Никто не спал. Под обиженный, захлебывающийся рев моторов, под неровные рывки, сменяющиеся осторожным скольжением, под папины проклятия, раздающиеся из динамиков, заснуть все равно было невозможно; и, сидя рядом с Сережей, который, сжав зубы, держал вырывающийся руль обеими руками, я боялась отвести взгляд от дороги, закрыть глаза хотя бы на секунду, словно именно от моего взгляда зависел каждый следующий десяток метров, и ловила себя на том, что до боли сжимаю кулаки – так, что на ладонях остаются следы от ногтей. То и дело нам приходилось останавливаться – потому, что перегруженный прицеп выносило из колеи, или потому, что рыхлая груда снега перед широкой мордой Лендкрузера поднималась выше капота и он не мог больше сдвинуться с места; и тогда все мы, даже Мишка, даже хромающий доктор, выскакивали на дорогу и, увязая в сугробах, принимались разгребать их лопатами, ногами и просто руками. Мы все торопились теперь, торопились отчаянно, не позволяя себе ни минуты промедления; никаких привалов, никаких перекуров, в воздухе сгустилась какая-то тревожная, неотложная срочность, которую никто из нас, я уверена, не сумел бы объяснить себе, но каждый чувствовал.
Мы были так заняты, что даже не заметили рассвета, который наверняка начался довольно давно. Длинная зимняя ночь, казавшаяся бесконечной, завершилась для нас неожиданно резко; просто во время одной из вынужденных остановок я вдруг подняла глаза к небу и увидела, что оно лишилось своей черной бездонной прозрачности и нависло теперь у нас над головами низким грязно-серым потолком.
– Утро уже, – сказала я Сереже, когда мы шли назад, к машине.
– Черт, – ответил он, озабоченно глядя вверх. – Опоздали мы. Я надеялся, успеем Медвежьегорск проскочить в темноте.

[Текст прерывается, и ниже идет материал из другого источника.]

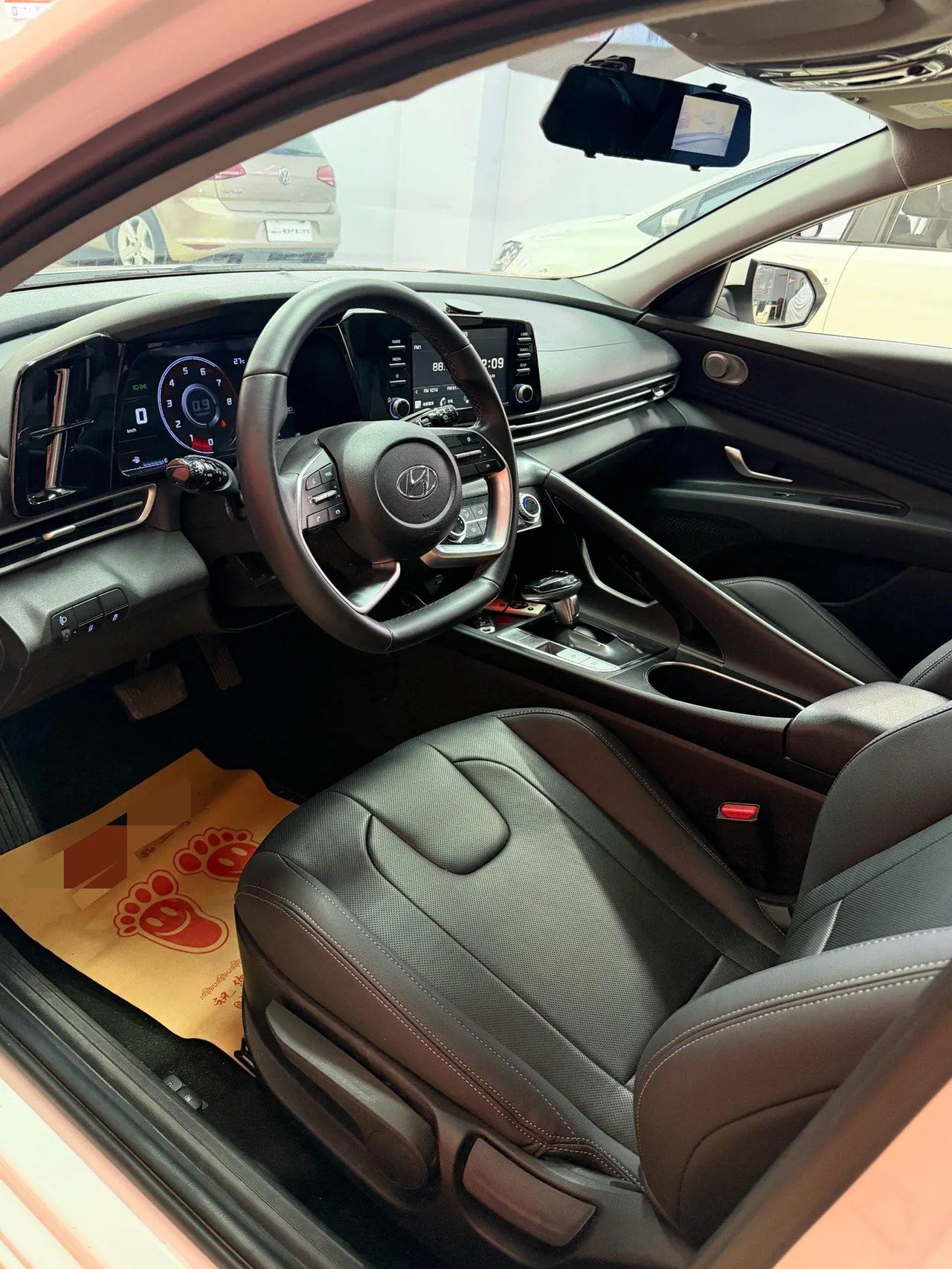 Hyundai 2023 Elantra-sedan 1.5 stepless GLX elite automatic gear 4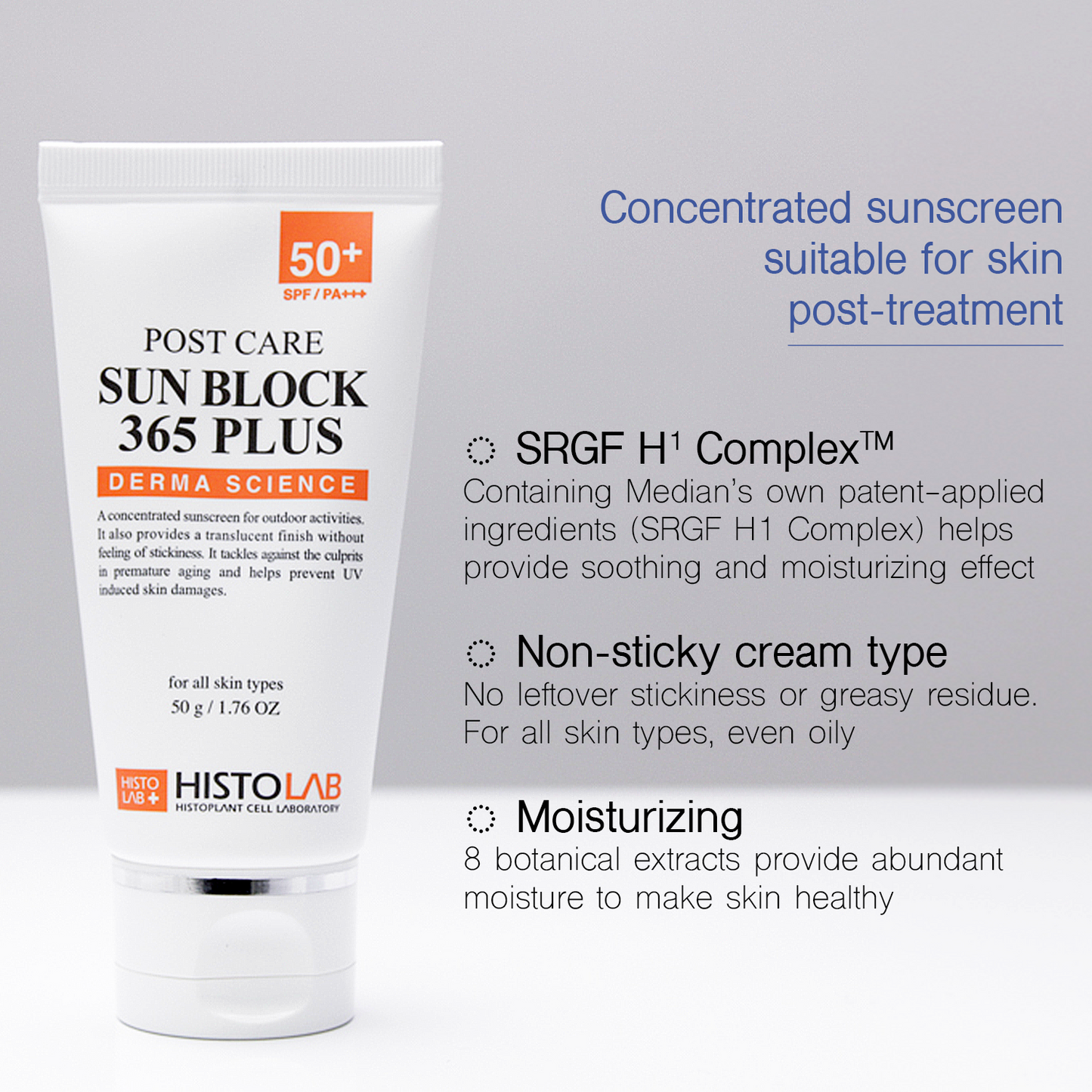 Post Care Sun Block 365 Plus [SPF 50+/PA+++] - Image 2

Не очень-то нам помогла эта темнота в Пудоже, думала я, устраиваясь на сиденье, и вряд ли, ох, вряд ли она поможет в городе, который нам предстоит теперь проехать насквозь, который мы никак не можем обогнуть. Нет смысла рассчитывать на темноту, она больше нам не союзник; для того чтобы прорваться, потребуется что-то понадежнее темноты. Три недели, всего три недели прошло с тех пор, как погиб Петрозаводск, самый большой в этих краях город, наверняка извергнувший из себя перед смертью несколько сотен, а то и тысяч перепуганных носителей болезни; они не успели бы добраться далеко, но сюда добрались наверняка и, перед тем как умереть, оказали нам, сами того не зная, жуткую услугу, убрав с нашего пути большую часть препятствий, каждое из которых – даже самое незначительное – легко могло бы погубить нас. Три недели, сказала я себе, три недели в городе, лежащем на пересечении двух основных северных дорог. Там никто не выжил, там пусто. Брошенные автомобили, разгромленные магазины, безлюдные улицы, по которым ветер гонит колючую снежную крошку. Нам нечего бояться. Мы проедем.

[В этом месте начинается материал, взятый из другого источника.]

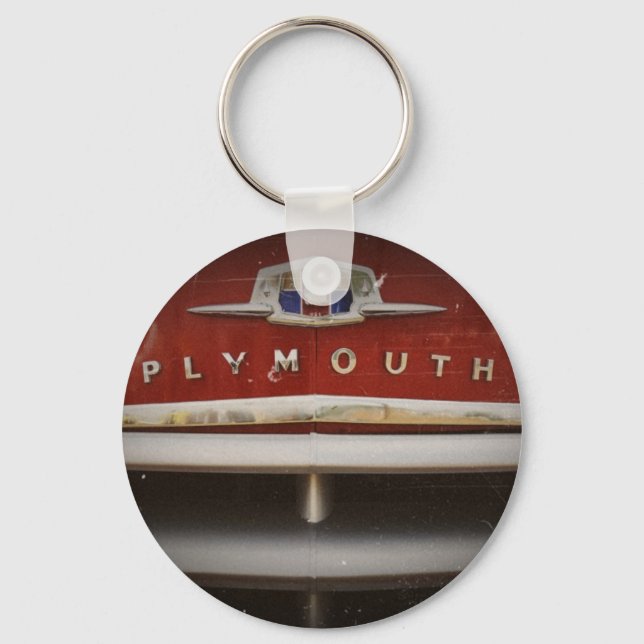 Chrysler Plymouth Keychain (Front)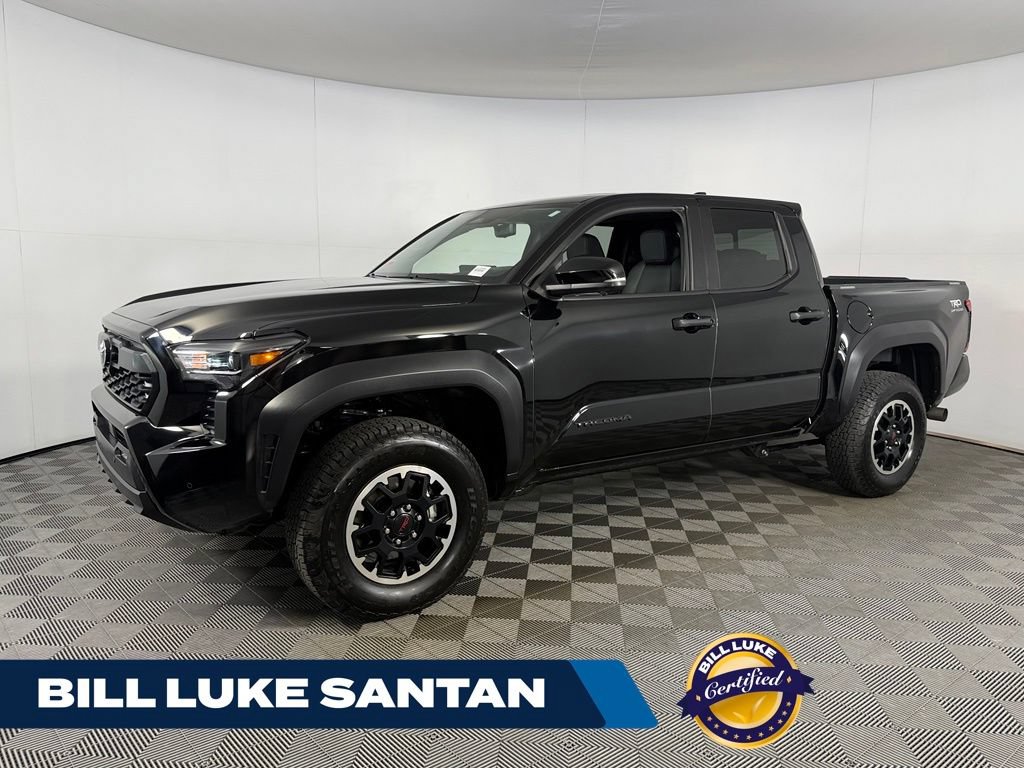 Used 2024 Toyota Tacoma TRD Off-Road w/ TRD Off Road Premium Package AWD/4WD 360° Tour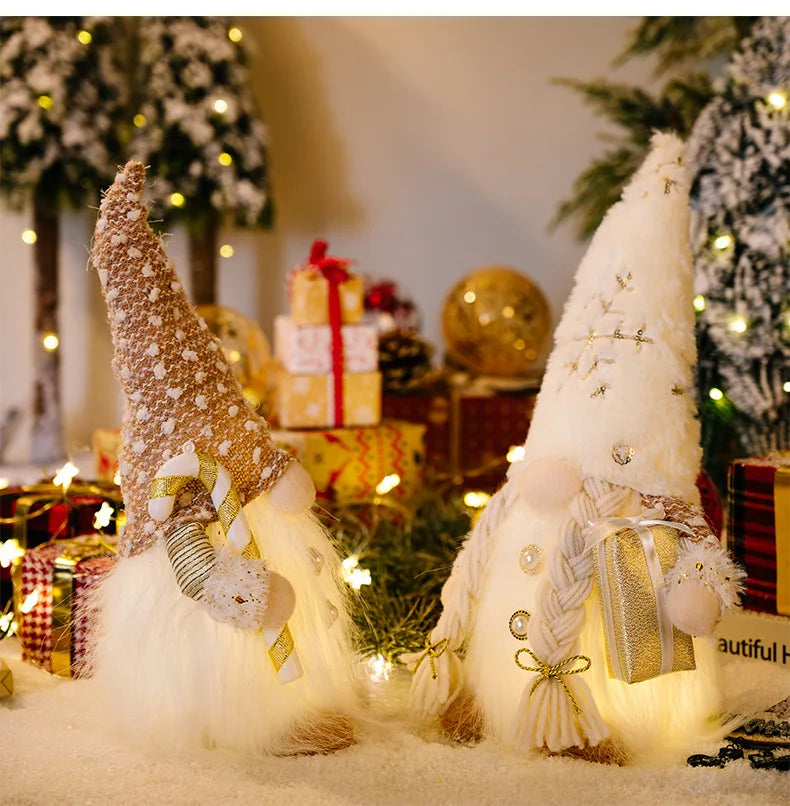 Glowing Christmas Gnome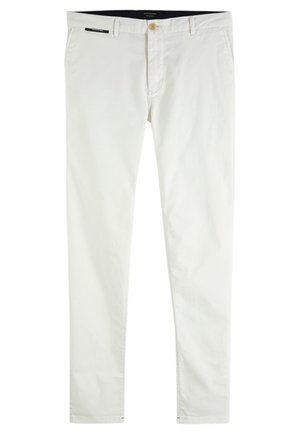 Pantalones chinos - white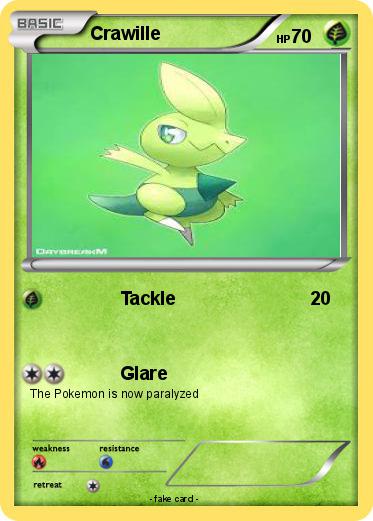 Pokemon Crawille
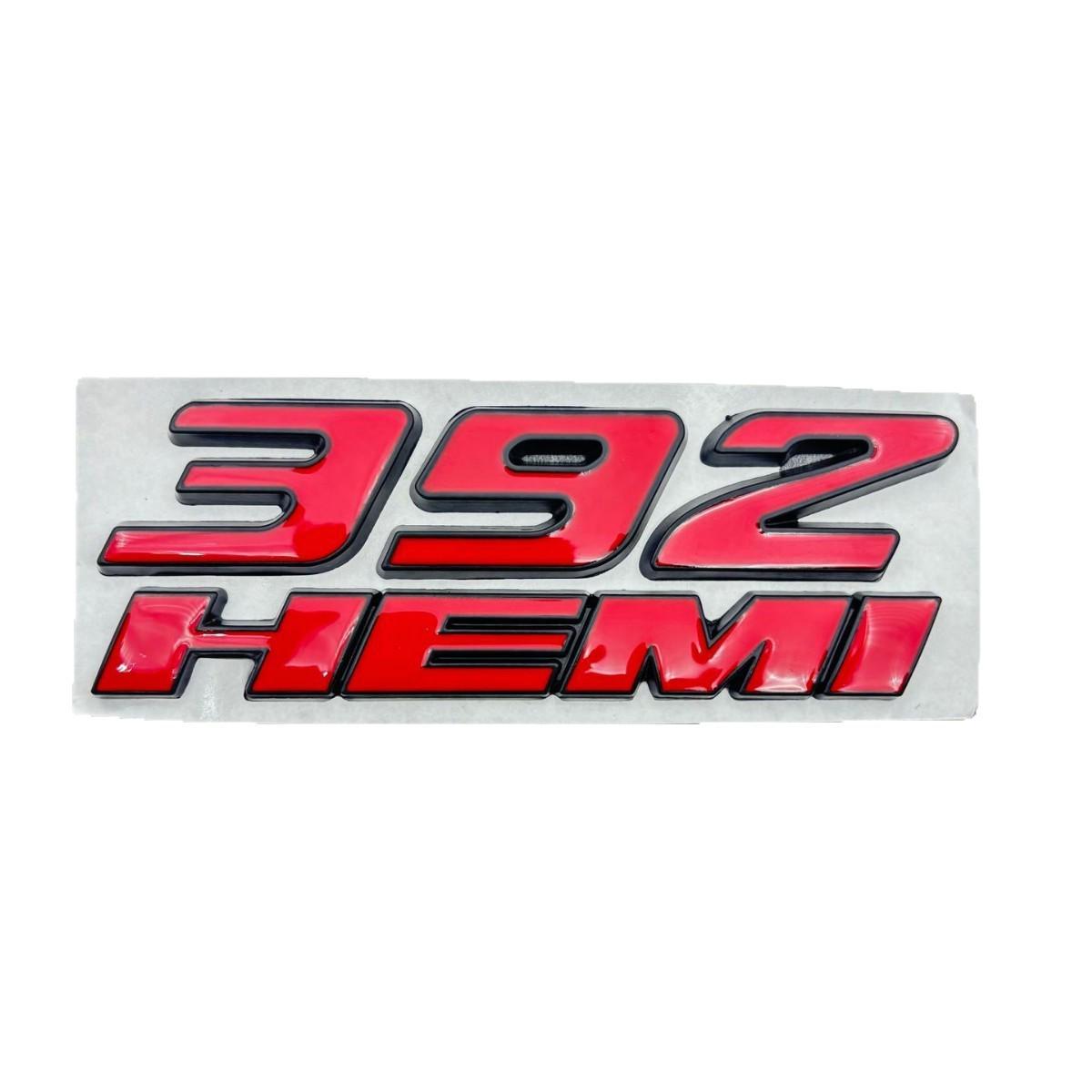 Dodge RAM 392 HEMI Emblem Modification Sticker for RAM 1500/2500 Trucks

То, что я неправа, выяснилось очень скоро, не прошло и четверти часа. Я все еще пыталась придумать способ, как заговорить об этом – при Мишке, при докторе, особенно при докторе; как вообще можно признаться в том, что желаешь смерти двадцати тысячам человек, незнакомых, ни в чем не виноватых? Признаться вслух, что после одиннадцати страшных дней тебе уже безразлично, мучительно ли они умирали, лишь бы их больше не было у тебя на пути? Хорошо, что я долго подбирала слова, потому что они мне не понадобились; сначала Андрей сказал «подъезжаем, теперь аккуратно», и почти сразу дорога, которая на протяжении ста последних километров не принимала нас, выталкивала обратно, превратилась в полную свою противоположность, расстелив перед нами укатанную ровную поверхность, как будто недавно здесь проехала не одна и не две, а много машин. Это было похоже на границу, оставленную на асфальте дождем, когда плотная стена воды вдруг исчезает разом, заставляя дворники скрипеть по сухому стеклу.
В ней не было никакого дружелюбия, в этой новой дороге, и она не дала нам облегчения, только тревогу; и не успели мы свыкнуться с этой тревогой, в динамике раздался долгий невнятный хруст. Он продолжался минуту или две, а затем умолк, чтобы через мгновение зазвучать снова, и пока он длился – неодушевленный, зловещий, я боролась с острым желанием выключить рацию, словно этот маленький черный ящик под моим правым локтем, столько раз выручавший нас, вдруг ожил и обратился, перешел на чужую сторону и мог теперь навредить нам.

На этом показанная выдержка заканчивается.